== Segment start ==

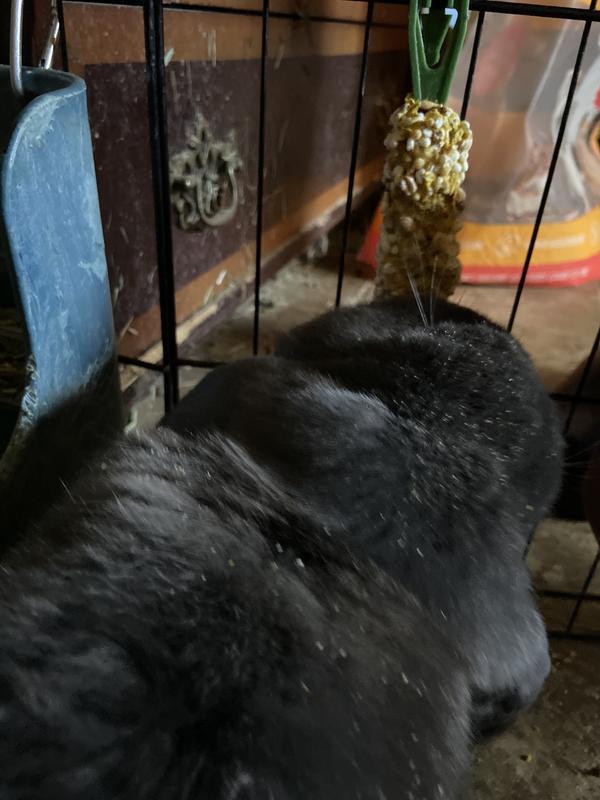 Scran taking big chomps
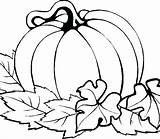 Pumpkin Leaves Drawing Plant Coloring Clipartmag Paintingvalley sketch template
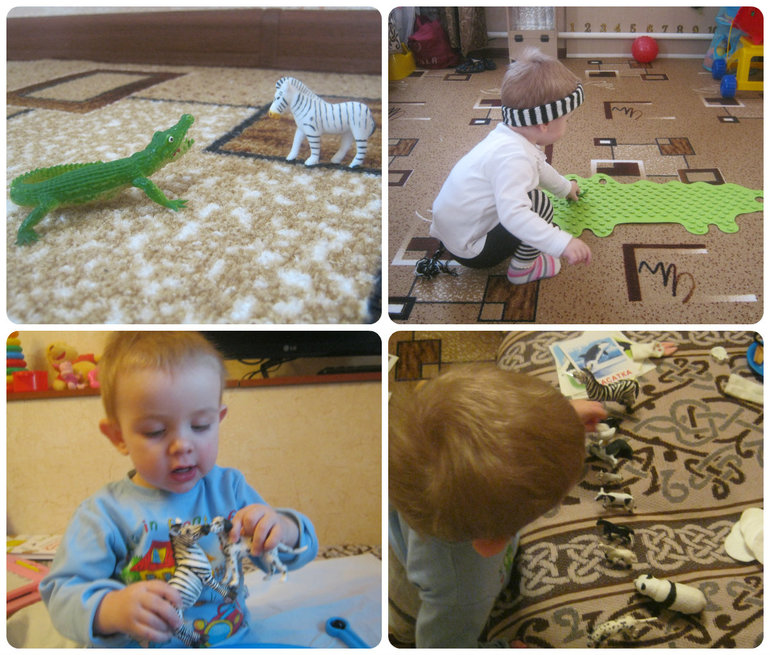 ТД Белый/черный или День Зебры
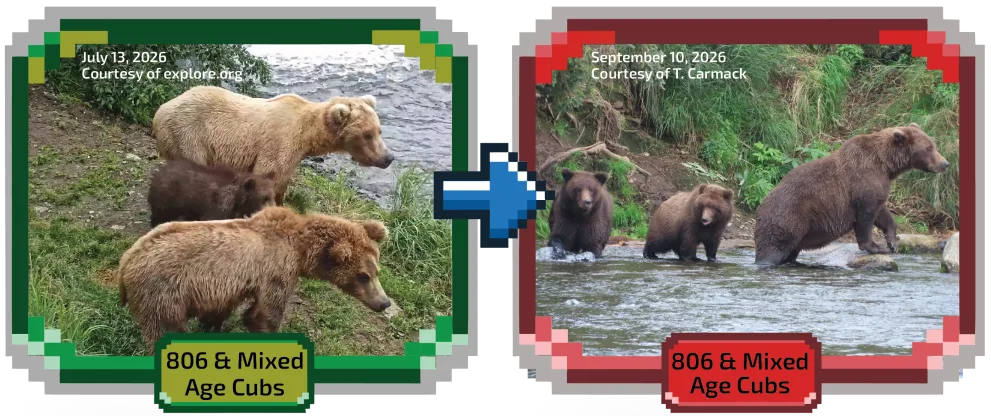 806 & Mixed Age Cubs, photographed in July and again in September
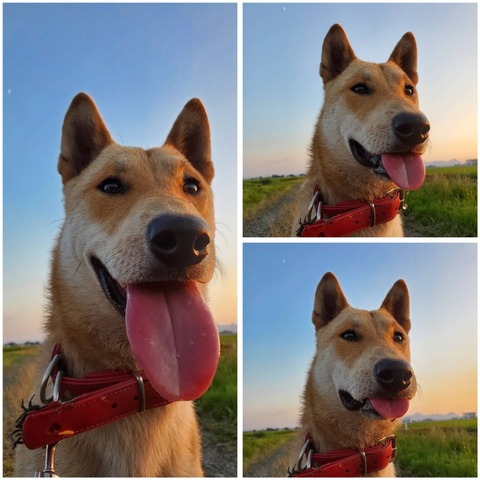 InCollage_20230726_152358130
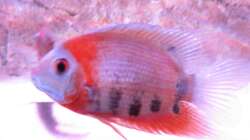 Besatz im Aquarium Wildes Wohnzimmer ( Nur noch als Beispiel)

== Segment end ==

_Aim of the exercise:_ Please set down every line of the data above precisely, dropping the images.

_Solution to this exercise:_
 Scran taking big chomps
 Pumpkin Leaves Drawing Plant Coloring Clipartmag Paintingvalley sketch template
 ТД Белый/черный или День Зебры
 806 & Mixed Age Cubs, photographed in July and again in September
 InCollage_20230726_152358130
 Besatz im Aquarium Wildes Wohnzimmer ( Nur noch als Beispiel)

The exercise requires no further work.